Strong brands in tech are also often built on a superior user experience, and that was true for both Slack and Linear for that matter. Both products were riffs on existing categories of team chat and issue management, respectively. But both founders had an acute sense of their experience mattering, and that set them apart.

For Slack, the operating metaphor was that of impeccable restaurant-like service with a high bar for quality, which was established by founder Stewart Butterfield in a classic memo sent out before the product launched.

Likewise, for Linear, the brand was every interaction folks had with the product and company, including a stunning homepage and incredible product UX. The key here is the contrast — the common alternative to Linear was the long-in-the-tooth Jira, and Linear was positioned as a breath of fresh air for serious professionals who care about their tools.

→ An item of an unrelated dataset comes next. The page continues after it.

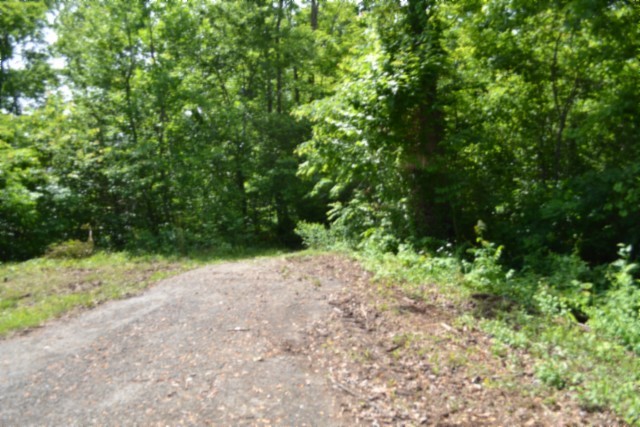 0 Beauchamp Road Burkesville KY 42717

This made them the first choice for early adopters who wanted to use the hottest tools. That got their momentum going, and that established their early position as the new default choice for discerning product development teams starting new projects.

3. Go B2C2B

Brand tends to work more at the B2C end of the spectrum, and some of the best SaaS brand plays therefore tend to look very B2C-ish.

Take Notion, for example. Notion is, on paper, a pretty weird concept — docs and databases intertwined in an innovative canvas of sorts where users can create their own simple tools and workspaces. What’s interesting, though, is their B2C2B approach. They go broad with incredibly accessible branding and marketing, get consumers hooked on the tool, grow their community, and then hope they’ll bring the tool into their workplace, which is when Notion cashes in.

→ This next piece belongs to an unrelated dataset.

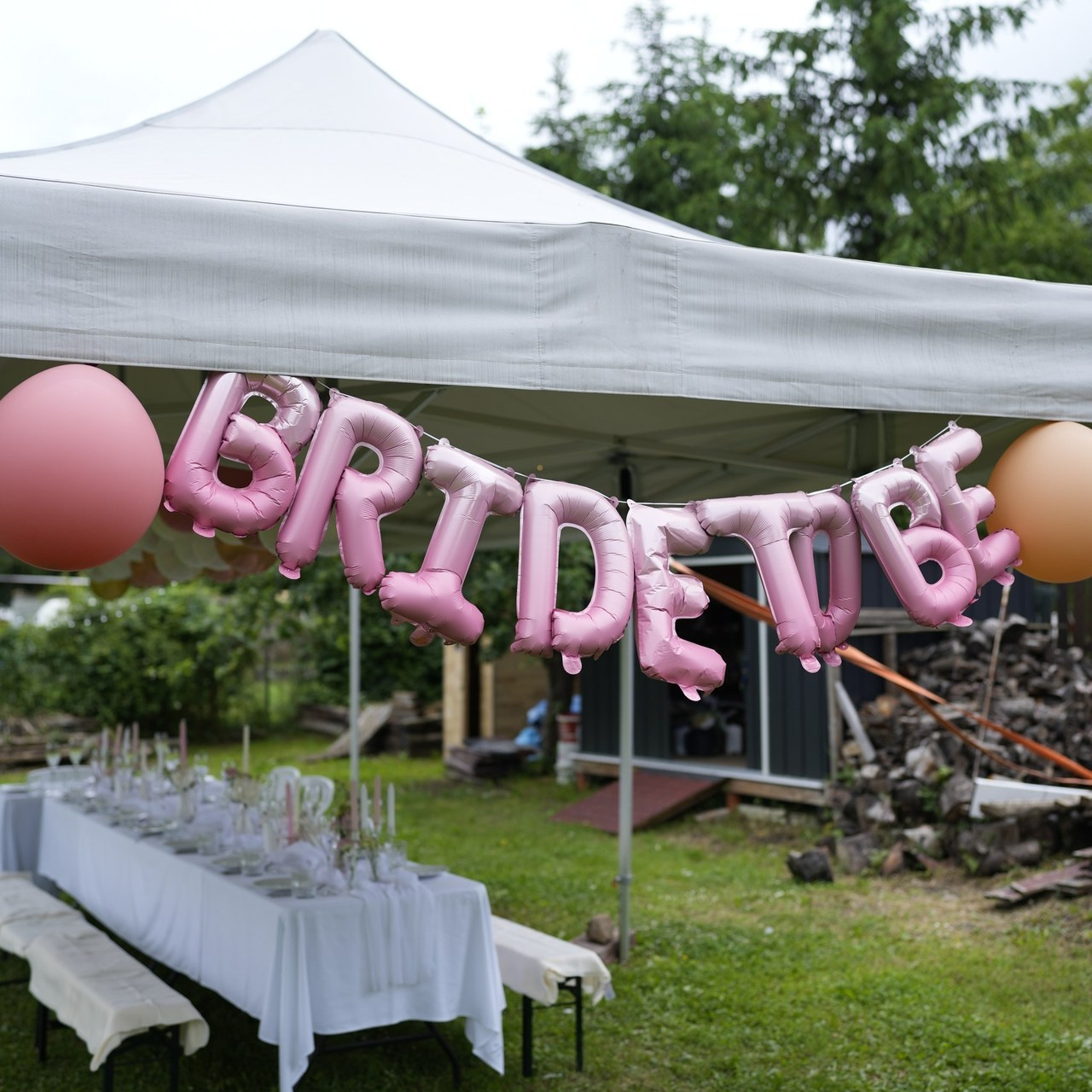 Reference. Fotograf Teplice // Alexandra Ribola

That only works if the brand sticks, though. There needs to be that strong need/name association, and Notion has built just that for their project and work management tools.

Brand as a forcing function

Building memory associations in the market such that a steady stream of buyers will come to you simply because they happened to think of you takes a long time.

You can measure progress by watching your direct brand search traffic grow over time, but remember this is the byproduct of everything you do — your paid ads, your social posts, your sales outreach, your media efforts, and of course, the customers you’ve served over the years.

It’s also somewhat meaningless if you haven’t found product/market fit yet — hard to build memories around a need before you’ve established what that need is.

That said, brand can be a great forcing function in terms of making you think hard about exactly what clarity you want to create in the market — what need association do you want to establish in prospects’ minds? What do you want to be famous for? What’s your micro-pitch (to borrow from our upcoming narrative discussion)?

If that association is going to take years to build, once you know what it is, the sooner you can get started, the better!

Next, we’ll look at what happens when everything comes together in a winning position.

Vision questions

  • What’s your vision for the distinct value, or need, you want prospects to associate with your brand?
  • When people think about your brand now — if they think about your brand — what’s the current associated need?
  • If you surveyed 10 or 100 customers, what do you think the consensus on the associated need or attribute would be? Would there be a consensus at all?
  • Is there a channel or unique GTM opportunity in your market where you can show up consistently to drive home a unique name/need association?
  • How relevant is brand to how your prospects buy? Do they buy by searching their memories first, and if they do, what do they say triggered that mental search? How can you strengthen your association with that trigger?